D. Populating Portions of a Request Table
As previously described, computer device 100 might be running an automated or semi-automated trading tool. Preferably, a user can operate as many “sessions” of the automated tool as necessary to achieve his or her trading strategy. Thus, for example, if a trader wishes to use an automatic spread trading tool, he/she might select one or more tradeable objects in order for the automatic spread trading tool to generate a synthetic tradeable object. Preferably, the trader can do this again, therefore having the automatic spread trading tool generate a second synthetic tradeable object. The trader may do this repeatedly. Each time this happens, the trader is preferably starting a new session with the automatic spread trading tool. In addition, computer device 100 might be running other types of automated or semi-automated trading tools. Similar to the automatic spread trading tool above, multiple “sessions” of the trading tools may be run and coordinated by the leaning manager 102. Moreover, a group of traders might be running one or more different kinds of trading tools, in which, leaning manager 102 may be programmed to coordinate the trading tools amongst the group.
In one embodiment, a session may be initiated by the submission of one order, and as such, when a second order is submitted, then a second “session” is initiated. For example, if a trader is using a particular trading tool and he attempts to buy a spread, then a first session is initiated. If the trader, using the same trading tool, attempts to buy the same spread again, then a second session is preferably initiated. Accordingly, a particular trading tool is made “aware” of its own orders and the tradeable objects that are being leaned on, so as to reduce the likelihood of overbuying or overselling them.

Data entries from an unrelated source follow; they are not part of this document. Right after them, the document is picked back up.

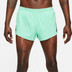 Nike AeroSwift 2in1 Short Herren 2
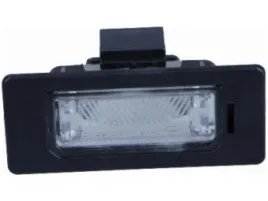 lampka-tablicy-vw-passat-b6-05-11-skoda-yeti-09-17-fabia-ii-mk2-06-11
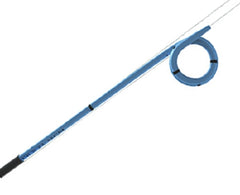 Cook Medical Ureteral Stent Set Universa® Double Pigtail 6 Fr. 26 cm Hydrophilic Coated - M-736109-4135 - Each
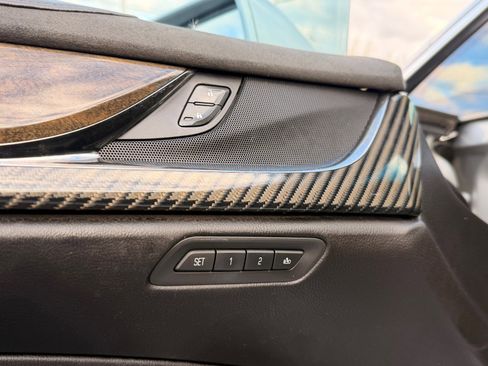 Used 2016 Cadillac ELR image 22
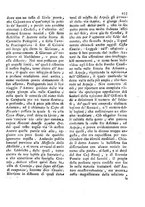 giornale/IEI0106188/1778/unico/00000305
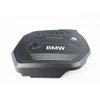 BMW F30 G11 variklio dangtelis originalus 11128616573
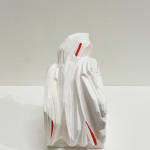 Elspeth Lamb RSA, Divertissement 3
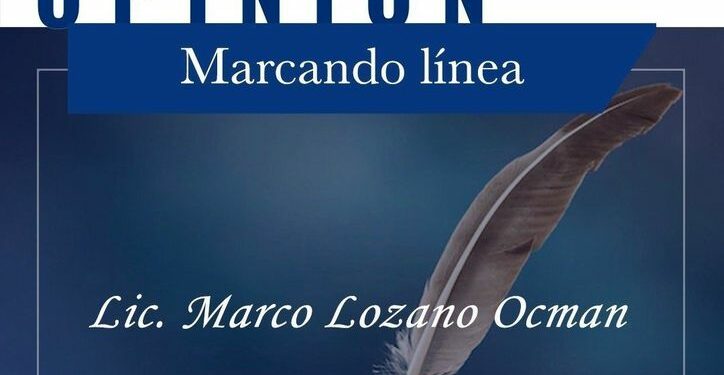 Se estanca la industria turística en Bacalar y Tulum
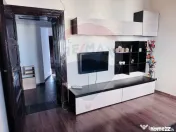 Apartament cu 2 camere de închiriat – ultracentral, st... 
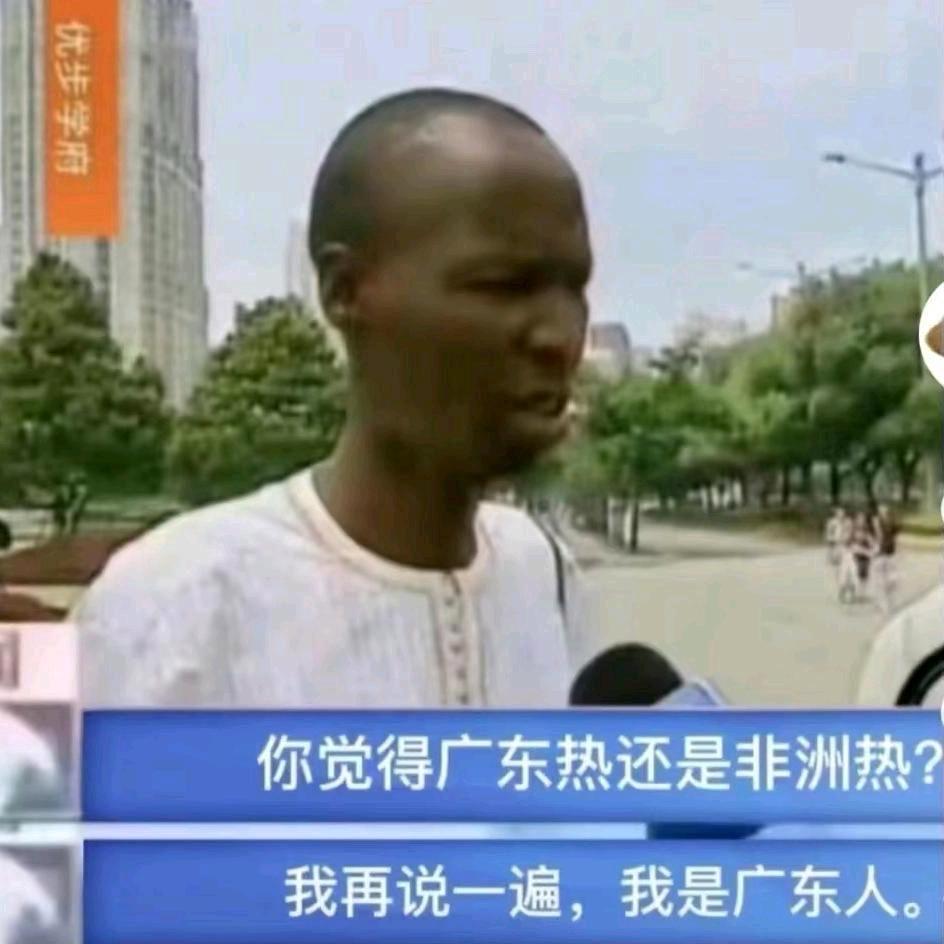 清晨母鸡喵了声肥婆鱼说妈咪去绝育厅切洋葱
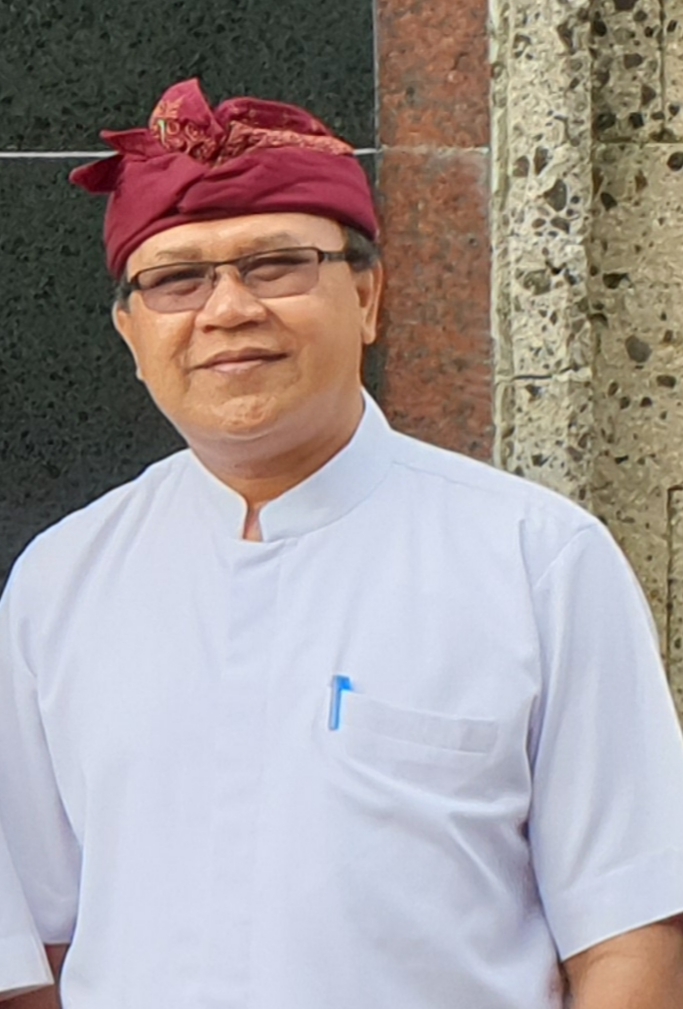 Menkumham RI Siap Serahkan Sertifikat dan Surat Pencatatan Kekayaan Intelektual Tenun Endek Bali kepada Gubernur Koster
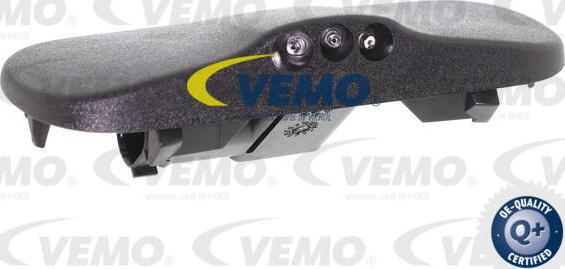 Vemo V10-08-0367 - Распылитель воды для чистки, система очистки окон autodif.ru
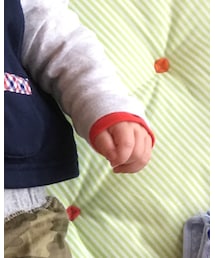 UNIQLO | 肌着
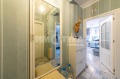 Продава 2-СТАЕН, град Варна, Възраждане 1 • 136000 € • 95110519 — Holmes.bg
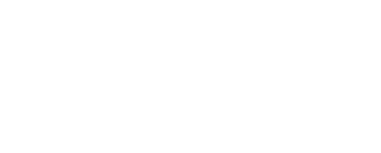 Home - Chef Opérateur 8 6011d1e82a08e9000490aba6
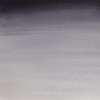 Peinture aquarelle professionnelle - Extra fine - Teinte neutre - 430 - Winsor et Newton - 5ml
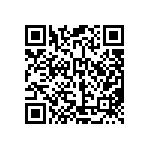 2M801-008-26NF13-201PA QRCode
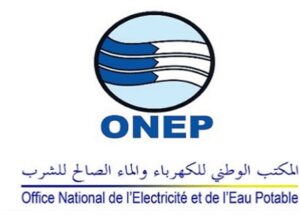 RADEM Concours et Recrutement 2021 (30 Postes)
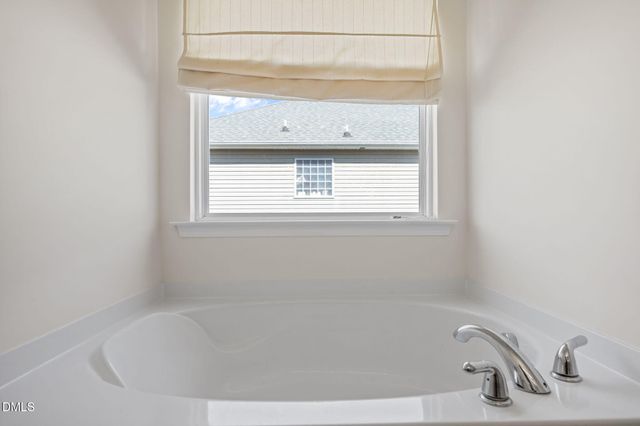 634 Conover Road, Durham, NC 27703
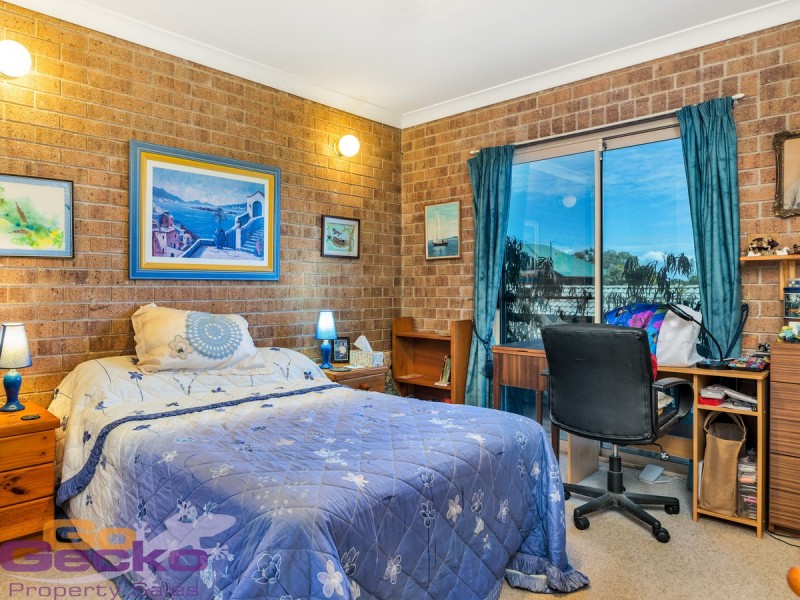 2/60 Jabiru Street, Bellara QLD 4507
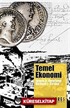 Temel Ekonomi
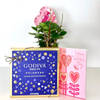 Sweet Love Godiva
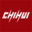 CHIHUI炽绘官网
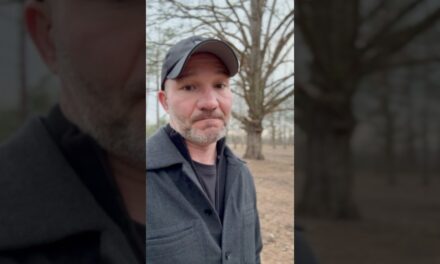 Setting the Record Straight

In one embodiment, each session is assigned an ID or identification that uniquely identifies the session to the leaning manager 102. When a session requests a quantity for use in executing its programmed trading strategy, it may do so by sending a message to leaning manager 102 requesting a certain quantity of the tradeable object. In response, leaning manager 102 may populate table 300 to record the request. Preferably, leaning manager 102 records the request in first come, first serve (FIFO) basis and prioritizes the requests in that order. Alternatively, other types of priority schemes may be used in place of a FIFO system such as a pro-rata system, which is described more below.
D. Example Process of Leaning on a Tradeable Object
In a preferred embodiment, if data is changed in table 300, then the change is reflected in table 200. In other words, when a request is added, the request is translated into a reserved quantity along with its ID in table 200. Sessions may continue to request quantity, and leaning manager 102 may continue to make the reservations for available quantities. In one embodiment, leaning manager 102 receives requests and makes reservations one session at a time.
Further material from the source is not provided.